Why LLM Users Still Need Apps

Illustration of robot viewing a laptop

The theory others propose: it will be the "Death of Apps" tomorrow, or maybe next Tuesday. We will arrive at a place where users speak their wishes to a well-connected LLM, and it just gets done. No knob twiddling, button pushing, or even a glance at the UI of an application.

While I am no naysayer of conversational interfaces, I don't think app interfaces are going away. I'll give you the two big reasons.

1. Apps Deliver Precision Interfaces for Users

I use Krita, (their website) an open-source Photoshop-style app, to create images. Its screen has a UI that is something like the cockpit of an airplane. Each little icon I might press needs at least 5 minutes of newbie time to learn how it works. And there are countless panels and dialogs that expand the possibility space of Krita well beyond what is immediately visible within its UI.

I love Krita, but compared to the glorious AI future on offer, it does seem pretty complex and tedious, right?

Could we not just lounge in our chair while being fed grapes and call to our AI servant, "Craft me an image. And be quick about it!"

For the image above, that's basically how I started using Midjourney. You can see one of the more successful prompts below that I built from.

Midjourney did a fine job of generating different candidate images matching my prompt. I picked one and continued refining. It's important to note that Midjourney is very much an app that allows specification beyond prompting. I used UI-presented features like upscaling, regional masking, and character references to arrive at a base image that showed Bill Gates handing a bag of trash to the heroic woman from Apple's "1984" commercial (YouTube). And then I overlayed text in the exact font and position I wanted using Krita.

My point is not to impress you with my dime-a-dozen photo manipulation skills. Rather I am calling out the usefulness of application UI when combined with generative AI.

As a user, you can say what you want in language, and that feels quite natural. But just because speaking or writing is a familiar activity to us, doesn't mean it's the most efficient way to specify every desired outcome.
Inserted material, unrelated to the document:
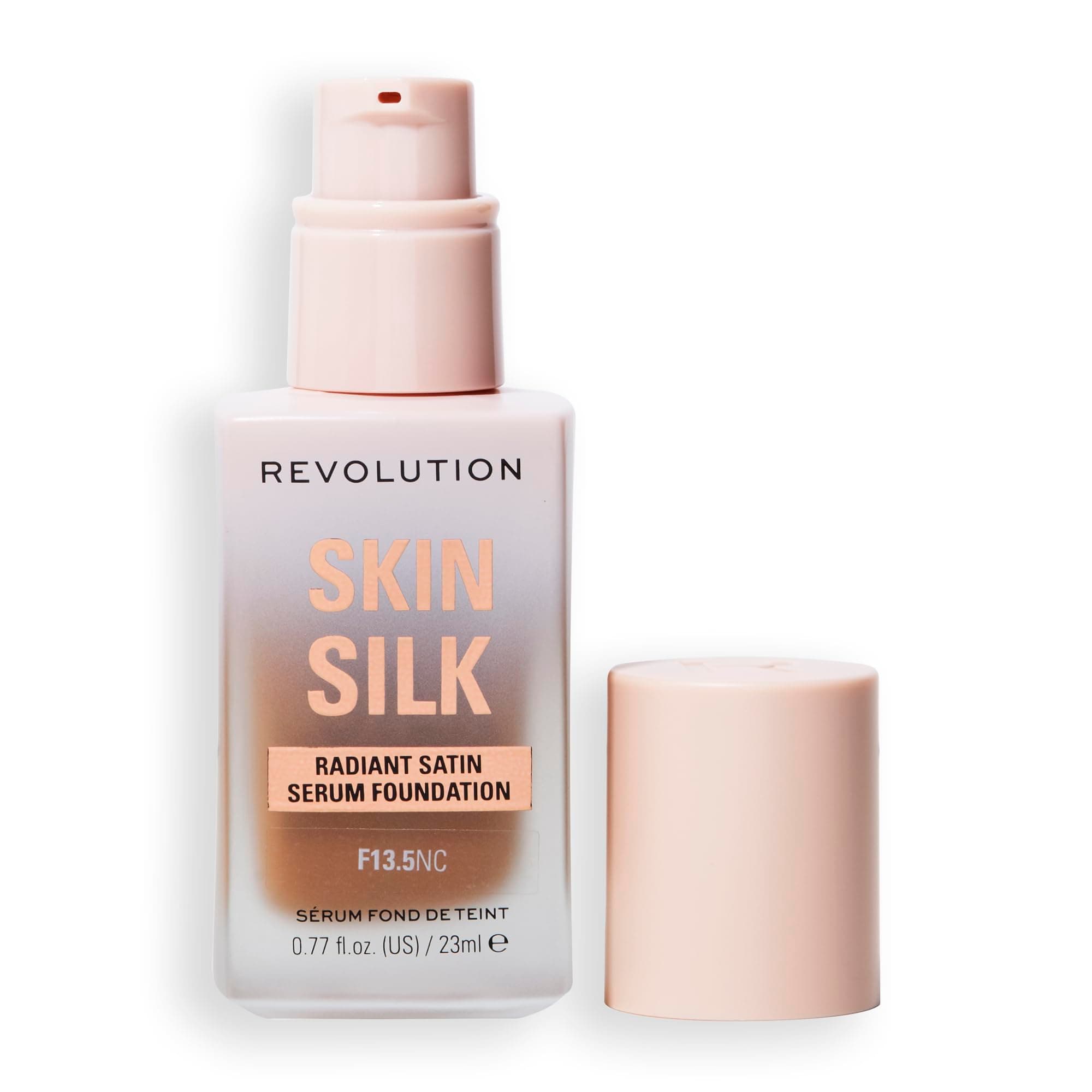 Revolution Beauty, Skin Silk Serum Foundation, Light to Medium Coverage, Lightweight & Radiant Finish, Contains Hyaluronic Acid, F13.5 Dark Skin Tones, 0.77 Fl. Oz.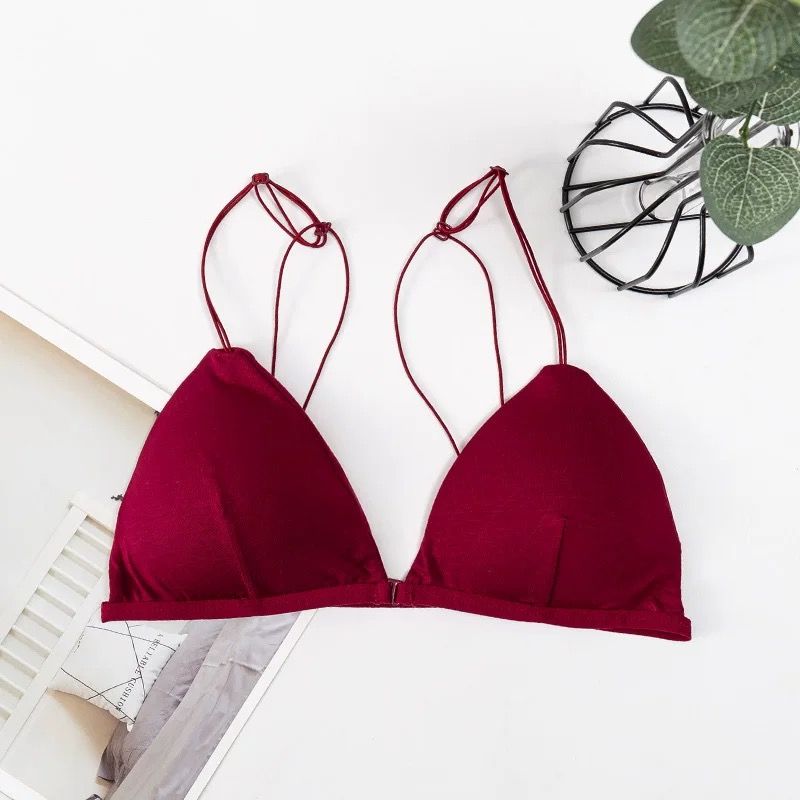 Beautiful Back Shoulder Strap Minimalist French Triangle Cup Front Button Underwear_voghion.com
The visual interface of drawing a rectangle over the blonde man's head to select it for replacement is fast, precise, and hard to beat with a conversational interface.

Imagine choosing a specific color. Do you really want to have a conversation about the desired color? ("Uh... a stormy kind of red or actually... mauve, but not a dark mauve...") Or do you want to pick it from a swatch? If I care about the color, I'll take the swatch. Maybe if I memorized the names of all those Crayola crayons when I was a kid, I'd feel different.

The second reason why we need apps for LLM use cases is even more important.

2. Full Automation with LLMs is Usually a Bad Idea

The dream that seems to fund a thousand AI startups is full automation. Ask the bot to build a website, book a flight, write a legal document, invest in stocks, and the bot just handles it for you. And you can spend all your free time watching your favorite AI-generated movies.

But due to hallucinations and errors, we don't actually want LLMs to do our work in a fully automated way. Despite promises that the accuracy problems are going away, I believe it will take a real breakthrough to get there - not just interative improvements to LLMs with more scaling and training. And you don't put AI breakthroughs as a scheduled event on a roadmap. They happen when they happen.

image of out of control conveyer belt

Depending on the task and model, your LLM is going to be right 50% to 99% of the time, but never 100%. If the task has a consequential result, (e.g., booking an airplane flight) you must have a human at least verifying the proposed action before it is performed. And that brings us back to the usefulness of apps with their UIs for presenting information and interacting with users.

There are also times when work performed by an LLM can be simplied by the structure of an app. It's a very challenging problem for an LLM+RAG system to index and retrieve a large corporation's tens of thousands of documents. (I believe nobody is doing it well currently, including Microsoft.)

But if you had an app where the user curated a list of documents that were important just to themself, the LLM+RAG system need only deal with hundreds of documents. And docs from that smaller collection can be retrieved with more accuracy. This simple trick of limiting the context to something smaller is key to handling LLM use cases successfully.

Setting Sights on What is Possible Now

Rather than assume apps will be wiped out by "just do it" commands given to bots, let's meet the technology where it is right now. We can make LLM-based apps do useful things for actual people, rather than make claims about what we might eventually be able to do. With this practical attitude, there are countless opportunities to create excellent software.